November 30, 2011 at 12:23 pm
(This post was last modified: November 30, 2011 at 12:26 pm by dtango.)
(November 30, 2011 at 9:29 am)Epimethean Wrote: You are twisting Ovid to suit your argument. Not so easy, though very convenient..
You are quite right as regards the translation. It was my intention to look for the Latin text and find some means to translate it word for word.
I trust nobody’s translation and since I base what I believe of the past on the Egyptian funerary texts, I had to teach myself to translate the hieroglyphic script.
Ovid could not read the Pyramid texts. Ovid had not the means to know that what the Greek philosophers taught about the soul, the underworld and the judgment was the result of the Egyptian priesthood having presented the judgment of the living, which is described in the texts, as a judgment of the dead. The experiences of the people who survived judgment, which are narrated in the texts, were changed into experiences of dead people who were plowing, sowing, eating, drinking and having sex after their death.
According to the texts, the gods commenced their activities as Shepherds/Bulls then acted as Judges, as messengers of the gods and finally as spiritual gods residing in the sky. Therefore, if the translation They lived safe without a Judge is correct, it is the gods that are meant by “Judge”.
If you know Latin and can help me with this, I would be truly obliged to you.
Today’s translators of the Egyptian funerary texts still believe what the priests told the Greek philosophers. New Egyptologists, however, commence to show their disagreement. James Allen in his translation of the Pyramid texts has ceased to translate the terms “ba” soul and “ankh” spirit. The next step would be to cease render the term “mt” as the dead and thus have a proper translation of the funerary texts without mighty ones who become spirits for the benefit of their souls (as Faulkner managed to render a passage).
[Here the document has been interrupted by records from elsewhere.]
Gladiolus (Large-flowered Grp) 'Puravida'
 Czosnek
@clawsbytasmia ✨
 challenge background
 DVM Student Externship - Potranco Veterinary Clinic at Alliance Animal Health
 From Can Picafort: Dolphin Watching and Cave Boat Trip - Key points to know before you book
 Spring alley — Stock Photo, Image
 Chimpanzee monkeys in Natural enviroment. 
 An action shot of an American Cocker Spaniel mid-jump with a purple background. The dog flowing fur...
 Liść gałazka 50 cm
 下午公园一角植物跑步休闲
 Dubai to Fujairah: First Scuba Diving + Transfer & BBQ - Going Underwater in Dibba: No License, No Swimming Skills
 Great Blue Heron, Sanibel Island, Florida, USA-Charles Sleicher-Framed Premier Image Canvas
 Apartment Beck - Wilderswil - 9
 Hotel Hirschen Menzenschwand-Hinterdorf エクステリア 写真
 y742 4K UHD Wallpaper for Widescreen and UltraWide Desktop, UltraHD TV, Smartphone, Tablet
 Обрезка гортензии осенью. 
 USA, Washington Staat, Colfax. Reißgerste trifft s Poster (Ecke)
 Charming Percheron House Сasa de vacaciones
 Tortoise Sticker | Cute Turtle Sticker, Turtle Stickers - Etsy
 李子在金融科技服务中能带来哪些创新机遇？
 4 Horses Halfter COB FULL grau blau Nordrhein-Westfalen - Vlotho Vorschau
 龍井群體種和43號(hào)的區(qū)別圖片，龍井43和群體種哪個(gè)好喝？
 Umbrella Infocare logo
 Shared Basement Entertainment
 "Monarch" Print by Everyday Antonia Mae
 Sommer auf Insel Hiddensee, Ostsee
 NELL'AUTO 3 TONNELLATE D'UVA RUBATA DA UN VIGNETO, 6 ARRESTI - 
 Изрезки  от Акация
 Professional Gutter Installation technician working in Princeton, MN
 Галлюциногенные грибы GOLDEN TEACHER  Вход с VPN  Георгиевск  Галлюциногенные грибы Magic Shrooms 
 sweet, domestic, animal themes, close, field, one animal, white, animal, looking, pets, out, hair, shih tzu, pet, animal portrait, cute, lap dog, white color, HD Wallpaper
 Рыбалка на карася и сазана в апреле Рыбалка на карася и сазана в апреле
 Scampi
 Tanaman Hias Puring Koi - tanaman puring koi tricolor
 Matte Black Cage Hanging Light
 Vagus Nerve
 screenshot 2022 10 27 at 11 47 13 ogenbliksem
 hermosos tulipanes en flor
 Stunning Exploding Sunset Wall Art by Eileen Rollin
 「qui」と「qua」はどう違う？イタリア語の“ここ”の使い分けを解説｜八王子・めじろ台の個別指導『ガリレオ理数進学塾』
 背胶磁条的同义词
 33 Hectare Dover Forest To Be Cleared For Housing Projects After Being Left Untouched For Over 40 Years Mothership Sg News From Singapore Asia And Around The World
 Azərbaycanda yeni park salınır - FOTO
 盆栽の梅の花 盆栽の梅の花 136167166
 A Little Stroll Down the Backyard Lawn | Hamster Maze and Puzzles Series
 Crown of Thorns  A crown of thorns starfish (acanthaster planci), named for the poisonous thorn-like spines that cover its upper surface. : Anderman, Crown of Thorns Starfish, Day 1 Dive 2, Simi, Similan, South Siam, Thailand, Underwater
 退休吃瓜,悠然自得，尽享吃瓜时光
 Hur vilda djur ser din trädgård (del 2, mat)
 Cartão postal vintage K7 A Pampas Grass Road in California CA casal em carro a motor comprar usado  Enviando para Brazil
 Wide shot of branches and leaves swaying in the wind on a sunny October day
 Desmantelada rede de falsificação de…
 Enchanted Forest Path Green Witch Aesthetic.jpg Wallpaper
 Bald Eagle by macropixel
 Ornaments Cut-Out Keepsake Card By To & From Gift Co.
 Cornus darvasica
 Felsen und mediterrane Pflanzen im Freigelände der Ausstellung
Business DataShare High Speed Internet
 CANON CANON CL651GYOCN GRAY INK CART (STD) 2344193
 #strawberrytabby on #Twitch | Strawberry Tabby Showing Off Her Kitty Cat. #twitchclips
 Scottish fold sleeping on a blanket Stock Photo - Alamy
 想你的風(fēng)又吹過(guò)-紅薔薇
Most probably you are aware of an Egyptian text entitled “The Dispute of a man with his Ba.” This text has been mocking, for decades now, not only the Egyptologists and the translators, but the entire scientific community because everybody believes of the Egyptians what the Egyptologists taught them to believe of them. With more than 50, probably even 70, official translations of the text accomplished, nobody knows for certain what the text is about!
Neither Thales nor Plato or Ovid knew as much of the past as we do now. We know that “Separation between Heaven and Earth” means separation between men and gods, something that Hesiod knew (Theogony 535) but since Ovid adds separation between sea and earth, he obviously did not know.